RNA-Seq pipeline

This example shows how to put together a basic RNA-Seq pipeline. It maps a collection of read-pairs to a given reference genome and outputs the respective transcript model.

#!/usr/bin/env nextflow

/*
 * The following pipeline parameters specify the reference genomes
 * and read pairs and can be provided as command line options
 */
params.reads = "$baseDir/data/ggal/ggal_gut_{1,2}.fq"
params.transcriptome = "$baseDir/data/ggal/ggal_1_48850000_49020000.Ggal71.500bpflank.fa"
params.outdir = "results"

workflow {
    read_pairs_ch = channel.fromFilePairs( params.reads, checkIfExists: true )

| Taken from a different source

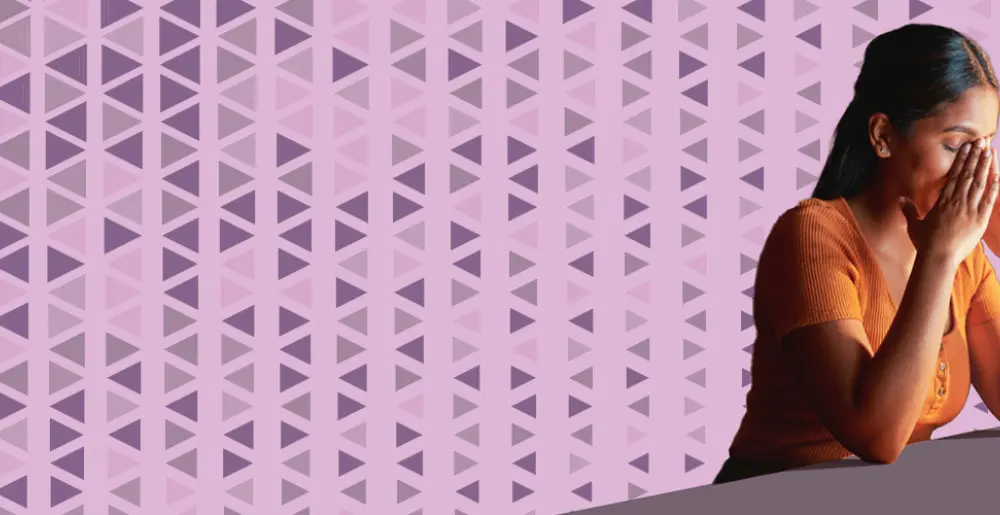 Article hero burnout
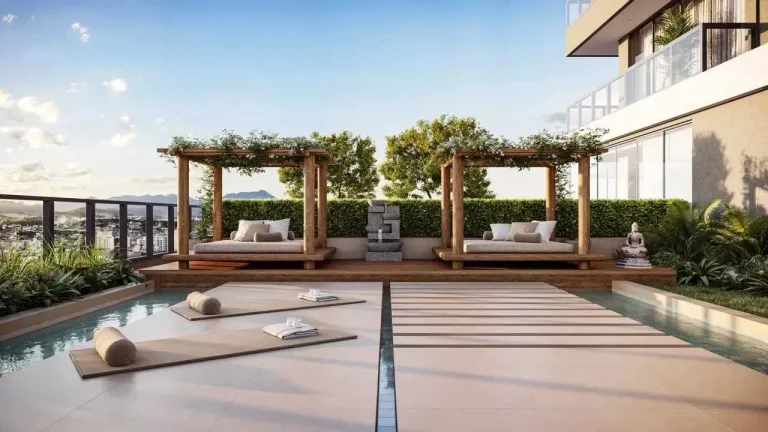 Imagem Apartamento com 3 dormitórios sendo 1 suíte e 2 vagas na Praia Brava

    INDEX(params.transcriptome)
    FASTQC(read_pairs_ch)
    QUANT(INDEX.out, read_pairs_ch)
}

process INDEX {
    tag "$transcriptome.simpleName"

    input:
    path transcriptome

    output:
    path 'index'

    script:
    """
    salmon index --threads $task.cpus -t $transcriptome -i index
    """
}

process FASTQC {
    tag "FASTQC on $sample_id"
    publishDir params.outdir

    input:
    tuple val(sample_id), path(reads)

    output:
    path "fastqc_${sample_id}_logs"

    script:
    """
    fastqc.sh "$sample_id" "$reads"
    """
}

process QUANT {
    tag "$pair_id"
    publishDir params.outdir

    input:
    path index
    tuple val(pair_id), path(reads)

    output:
    path pair_id

    script:
    """
    salmon quant --threads $task.cpus --libType=U -i $index -1 ${reads[0]} -2 ${reads[1]} -o $pair_id
    """
}

Try it in your computer

To run this pipeline on your computer, you will need:

Install Nextflow by entering the following command in the terminal:

$ curl -fsSL get.nextflow.io | bash

Then launch the pipeline with this command:

$ nextflow run rnaseq-nf -with-docker

It will automatically download the pipeline GitHub repository and the associated Docker images, thus the first execution may take a few minutes to complete depending on your network connection.

NOTE: To run this example with versions of Nextflow older than 22.04.0, you must include the -dsl2 flag with nextflow run.